> **Work to be completed**
For the records below, please print exactly and only the lines from the one with "Group on boat" down to the one with "Three dim sum", both ends included, omitting the pictures.

> **Material for the task**
+++++

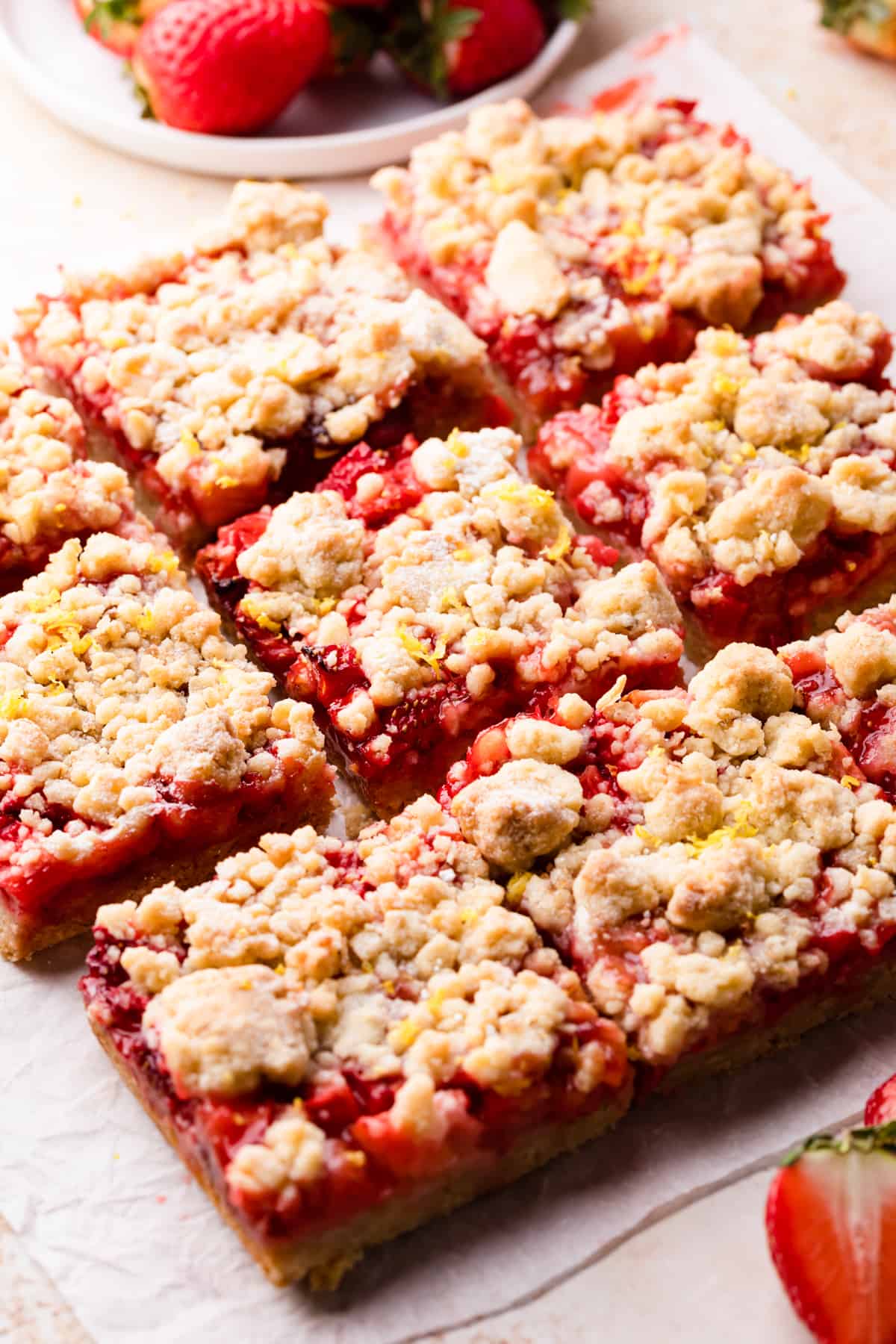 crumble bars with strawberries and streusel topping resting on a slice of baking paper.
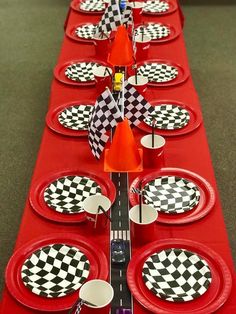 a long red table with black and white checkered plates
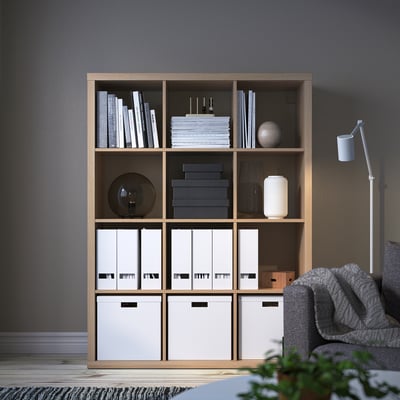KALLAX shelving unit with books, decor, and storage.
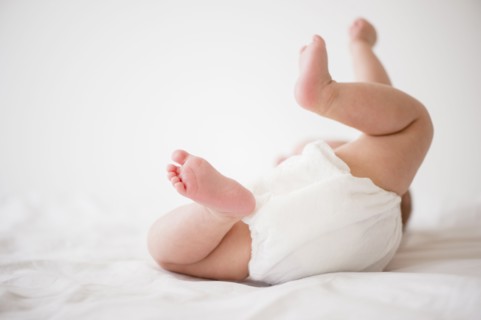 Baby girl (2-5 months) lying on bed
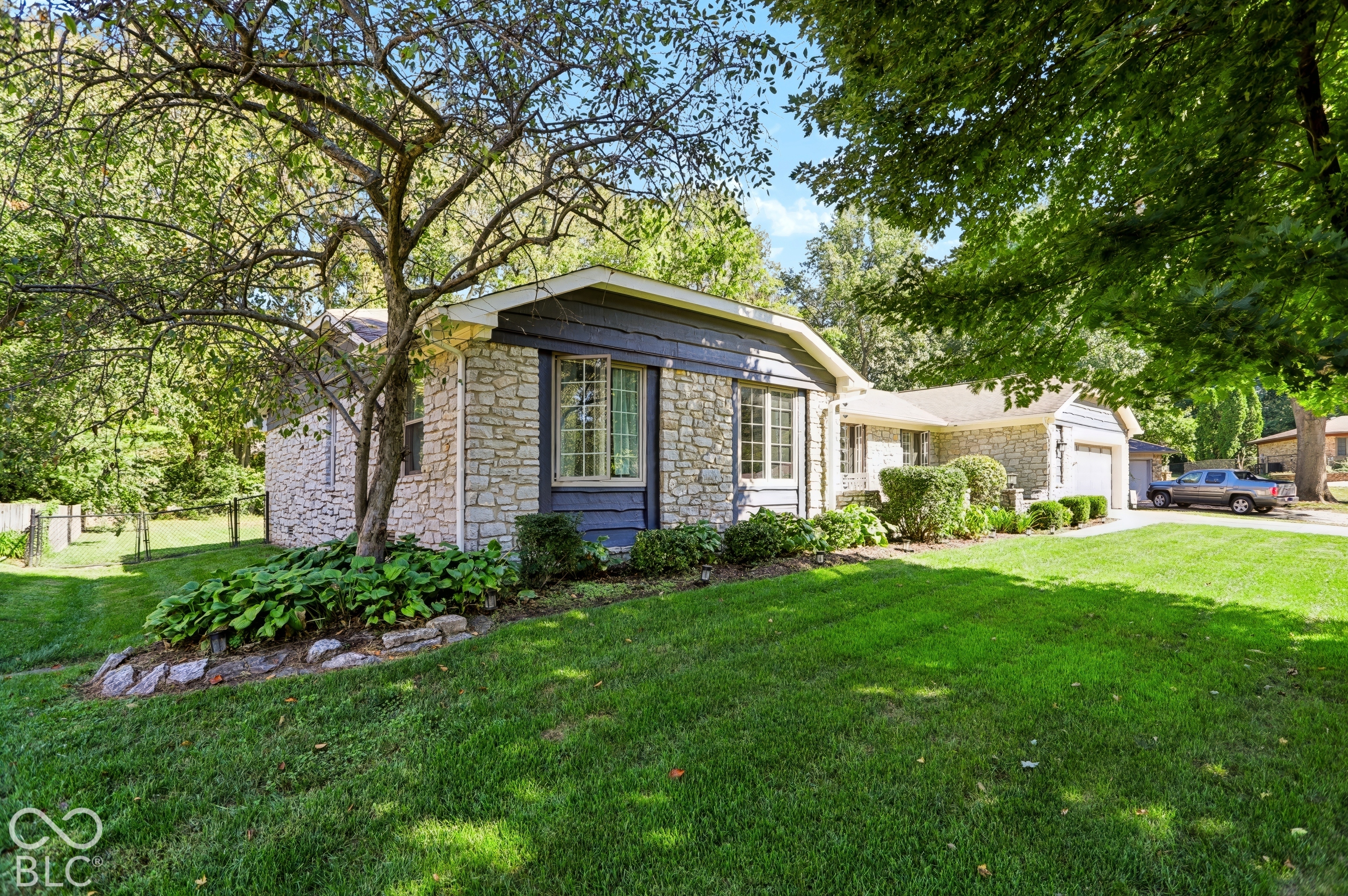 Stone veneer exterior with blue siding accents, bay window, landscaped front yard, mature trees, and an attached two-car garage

+++++

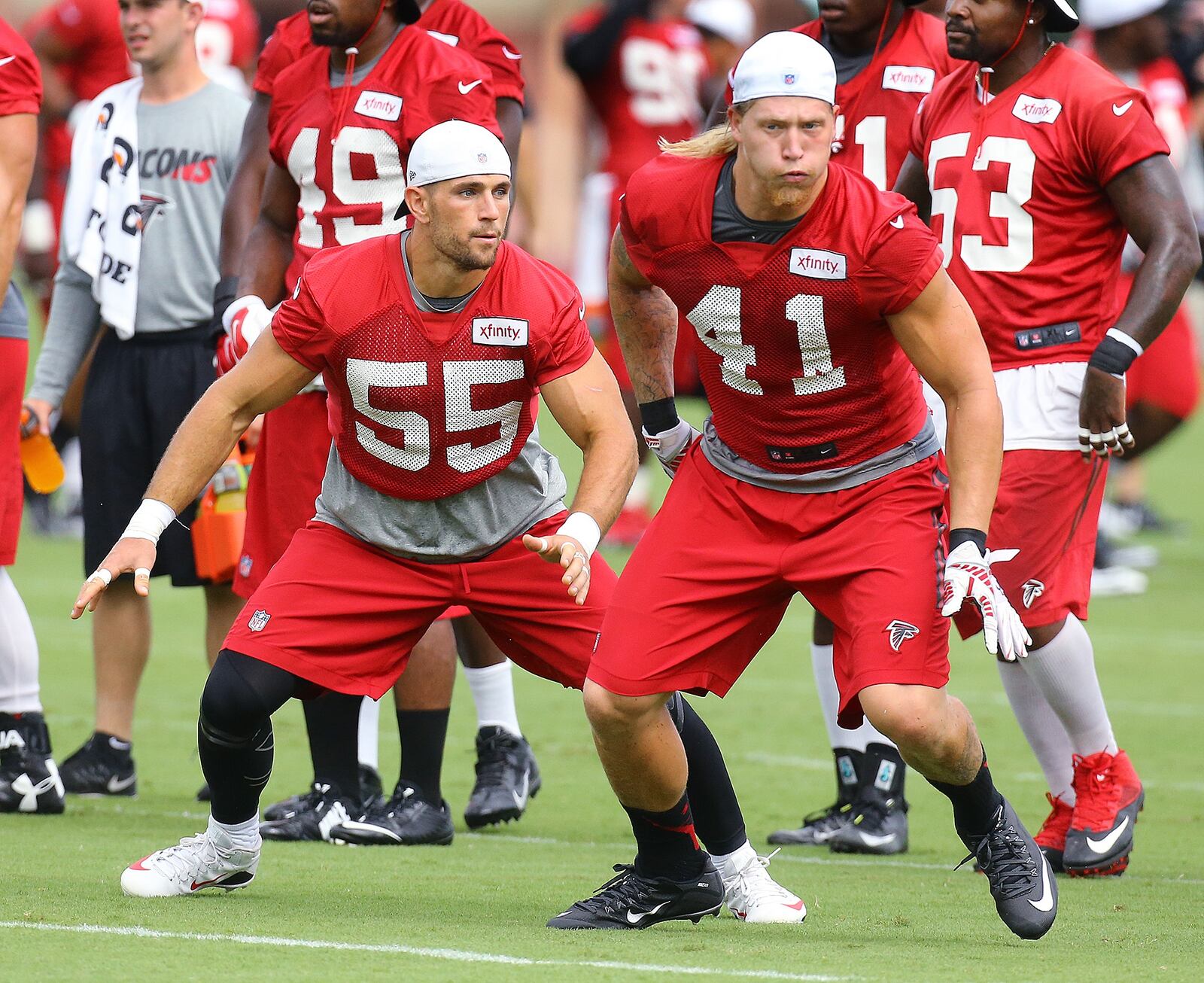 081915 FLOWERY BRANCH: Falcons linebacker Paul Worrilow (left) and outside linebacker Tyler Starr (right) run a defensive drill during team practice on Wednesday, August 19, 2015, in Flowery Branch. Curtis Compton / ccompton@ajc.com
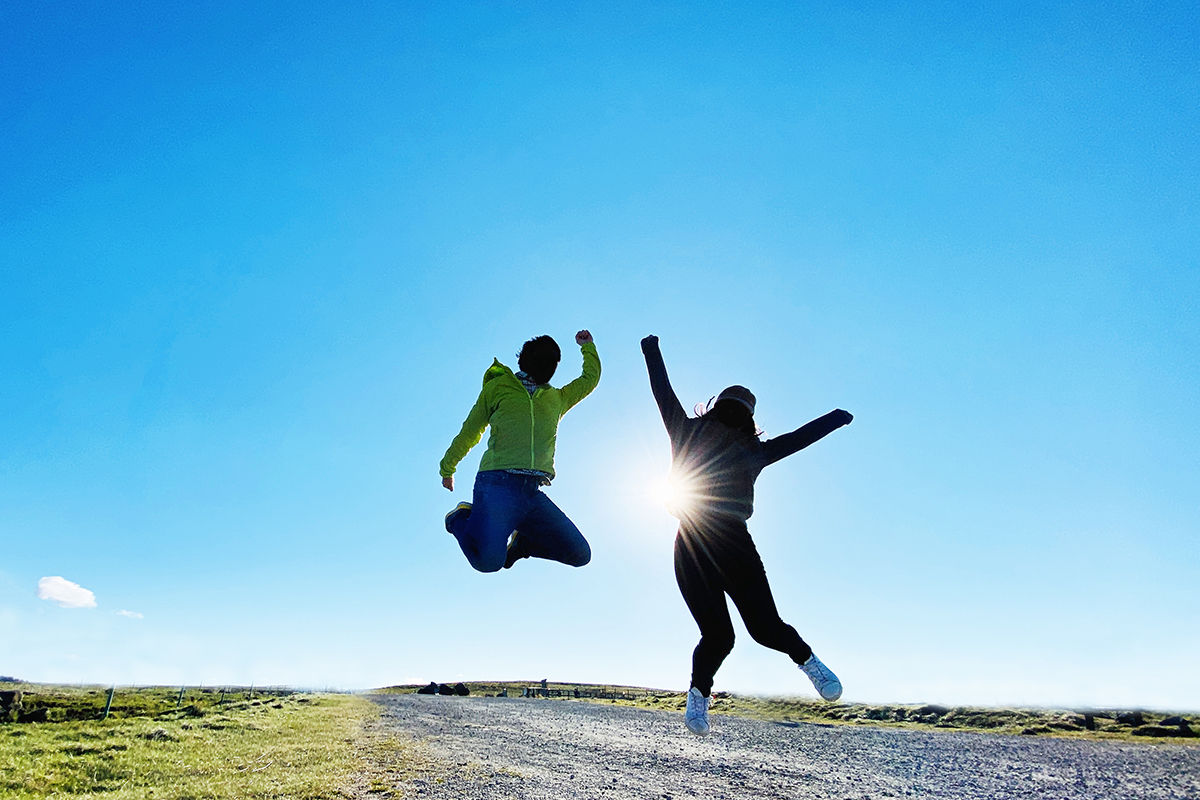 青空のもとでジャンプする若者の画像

+++++

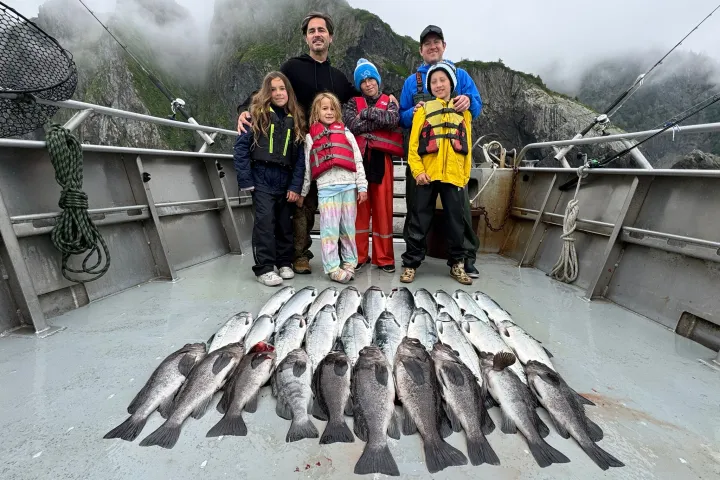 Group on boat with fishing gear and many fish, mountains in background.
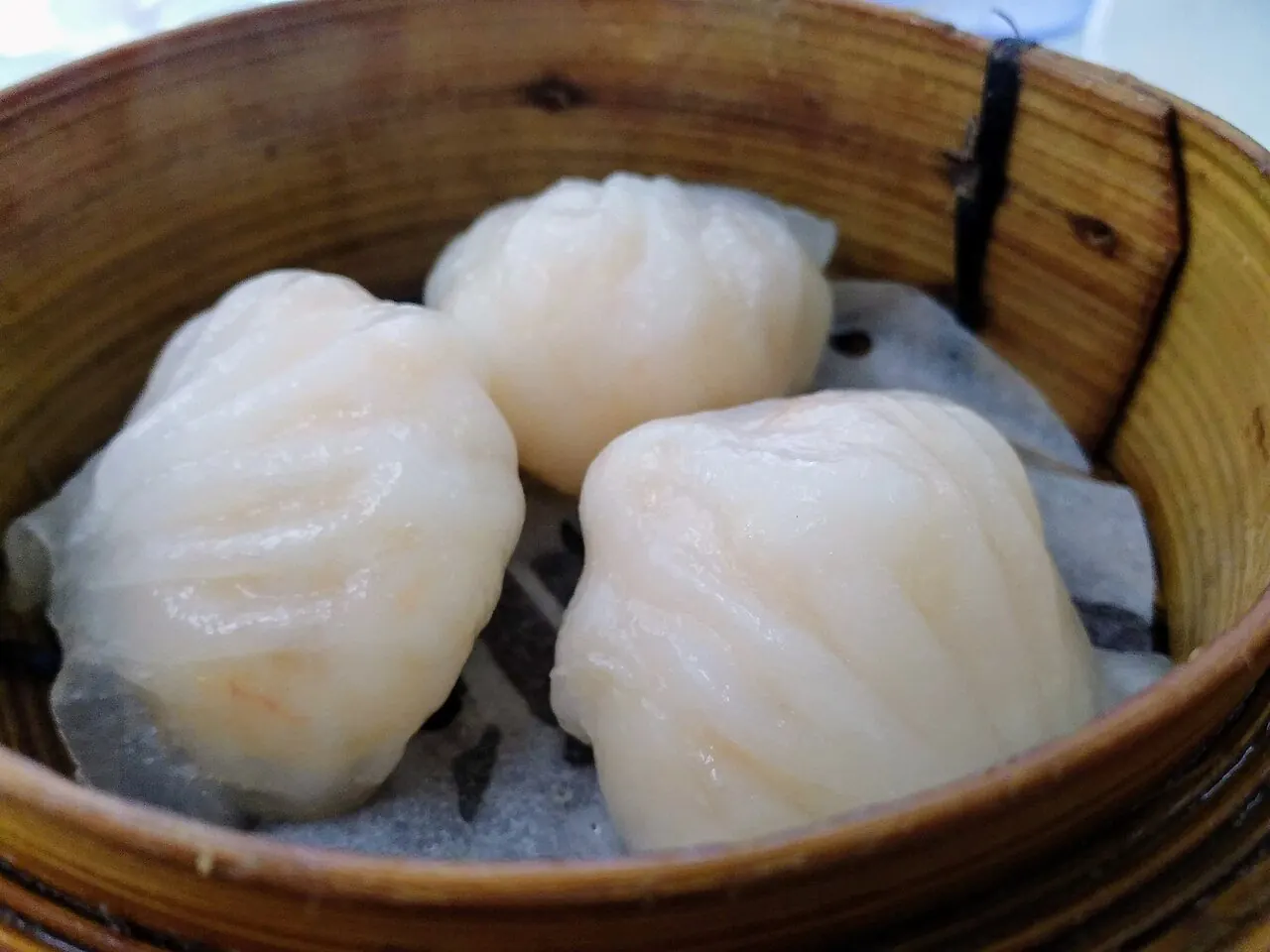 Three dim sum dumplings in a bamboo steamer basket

+++++

> **Result below**
 Group on boat with fishing gear and many fish, mountains in background.
 Three dim sum dumplings in a bamboo steamer basket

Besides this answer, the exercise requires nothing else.